As for the influx of capital, Davis says he is interested in acquisitions, but only those that are an absolute fit. He’s not interested in a rollup strategy in which the company buys other companies for their revenue and customer bases. A deal that would bring Critical Start new technology and/or an opportunity to expand geographically, on the other hand, would be more likely. (Critical Start already monitors customer assets in Asia, Europe and elsewhere, but it doesn’t currently sell outside of North America.)

Looking at cybersecurity as a whole, Davis believes the threat landscape is expanding rapidly. One thing driving it is the relative newfound ability of cybercriminals to monetize their thefts.

“There’s an ecosystem that allows criminals to monetize any information that they steal that there wasn’t before. There’s also a quicker time between when a vulnerability is found and when the code required to exploit it surfaces,” he says.

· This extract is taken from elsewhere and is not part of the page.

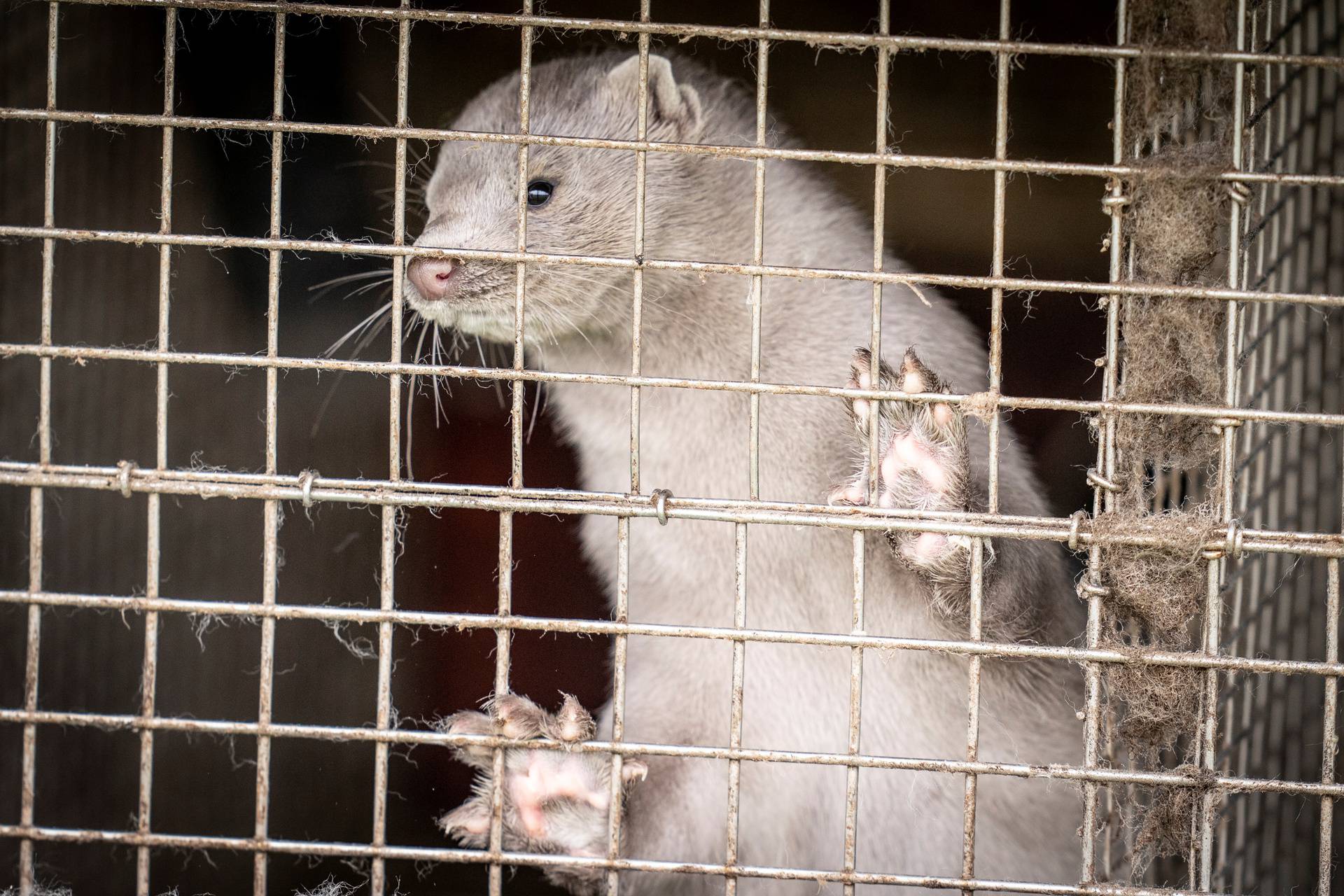 A caged mink looks on, amid the coronavirus disease (COVID-19) outbreak, at a mink farm in Hjoerring in North Jutland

From a customer perspective, there are simply more assets than ever before to protect. There’s infrastructure, mobile devices, work-from-home systems, SaaS applications, IoT devices and cloud infrastructure spread across Azure, Google, AWS and more. Although the number of assets that CIOs have to protect has doubled or tripled in the past decade, their cybersecurity budgets, typically, have not.

Ironically, Davis says he still sees a lot of skepticism surrounding cybersecurity among customers. Thought they all they need to invest wisely, they must also come to grips with the fact they have to stay disciplined after handing their cybersecurity to a third party.

“I compare staying safe to working out or staying in shape. It’s something everyone wants to do. But it takes a lot of discipline and effort. If you just buy a treadmill and put some clothes on it, then walking by it every day doesn’t get you into better shape,” Davis says.